El profesor volteó y sólo se encontró de cara con el silencio. Sabía que la voz provenía de las últimas carpetas, pero no podía saber todavía de quién era. El niño no se dejaba ver, su voz también se escondía del profesor. Ochenta veces repetía la misma palabra. Otros niños comenzaron a repetirla también y se hizo costumbre decirle «pelao» al maestro.
Al principio SAS no le dio mucha importancia, porque era calvo, pero cuando los niños hacían coro y celebraban la chanza de salón, una insolencia a sus espaldas, él comenzó a reaccionar mostrándose adusto; la palabrita «pelao» estaba perturbando la clase y él se había convertido en el hazmerreír del aula.
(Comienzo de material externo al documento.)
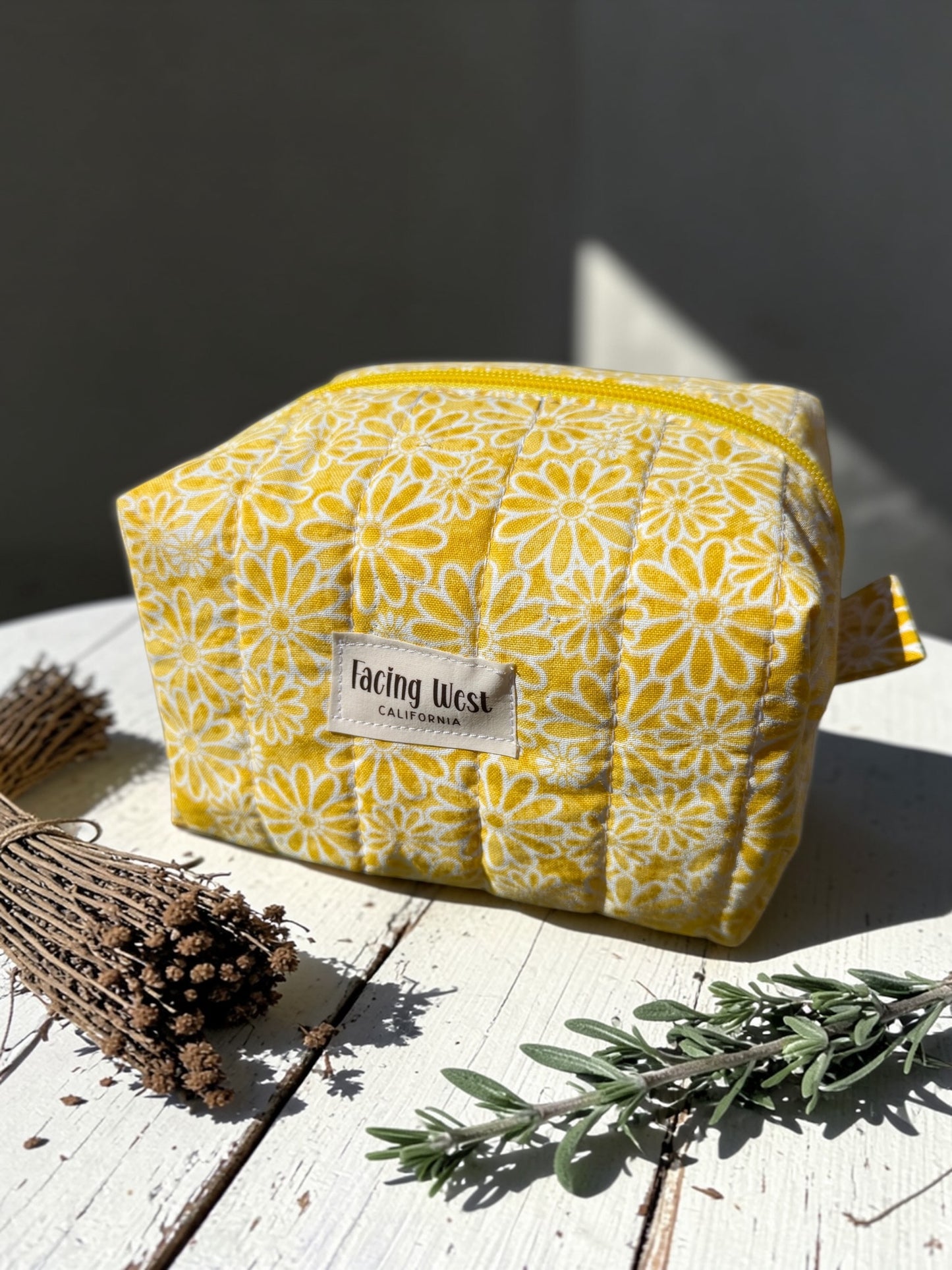 Sunshine Bloom Quilted Pouches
La burla se iniciaba con una voz, la primera voz que los pequeños sabían de quién era, luego le seguían dos y tres voces, después eran casi todas las voces del aula repitiendo la misma palabra; el maestro volteaba a mirarlos y todos enmudecían, se volvía hacia la pizarra y la misma palabra empezaba a imponer su ley en el aula. El maestro trataba de contener su desagrado ignorando la broma, haciendo oídos sordos a la palabra que escuchaba cada vez que le daba la espalda a sus alumnitos; percibía el murmullo cada vez que salía del salón y cuando regresaba.
--¡Ya nos fregó el pelao!-- comentó Manolo, cuando vio al profesor conversando con el director del colegio en el patio de recreo, a poca distancia del aula.
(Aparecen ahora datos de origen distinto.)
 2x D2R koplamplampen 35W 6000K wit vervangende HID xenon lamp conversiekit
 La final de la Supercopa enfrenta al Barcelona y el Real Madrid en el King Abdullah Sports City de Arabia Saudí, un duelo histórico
El maestro SAS era de buena formación: siempre estaba mpecablemente vestido, caminaba tranquilo y saludaba a sus colegas con ese trato cordial que caracteriza a los caballeros. Era muy creativo y paciente en la enseñanza, ya partía manzanas o panes para tratar de los quebrados, ya estaba organizando grupos de teatro para escenificar un episodio de la historia inca, ya sorprendía a sus chicos con un dictado, un problema a resolver «solo por genios», un percentil ortográfico o venía con la noticia de diseñar una camiseta propia para participar en el campeonato escolar. Pero también era recto y muy duro, cuando lo sacaban de sus casillas.
-- ¡Pelao...!-- se escuchaba primero en tono bajito, tímido, como si la palabrita estuviera contenida en la garganta y escapara despacito.
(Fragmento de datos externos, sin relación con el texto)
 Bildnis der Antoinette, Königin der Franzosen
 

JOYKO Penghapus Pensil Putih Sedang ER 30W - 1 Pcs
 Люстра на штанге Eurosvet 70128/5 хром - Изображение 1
-- ¡Pelao...!-- la misma palabra estaba de nuevo en el aire, más clara.
-- ¡Pelao... pelao... pelao!-- la voz infantil salía libremente desde el fondo del salón, motivando las sonrisitas cómplices.
¿Quién era el pequeño que le hacía escuchar el insulto con repetición?. ¿De cuál de sus niños era aquella primera voz que iniciaba la broma de mal gusto?. No había motivo para que le falten el respeto. ¿Por qué se burlaban tanto de su calvicie?. Acaso, ¿se trataba de un motín en su aula?.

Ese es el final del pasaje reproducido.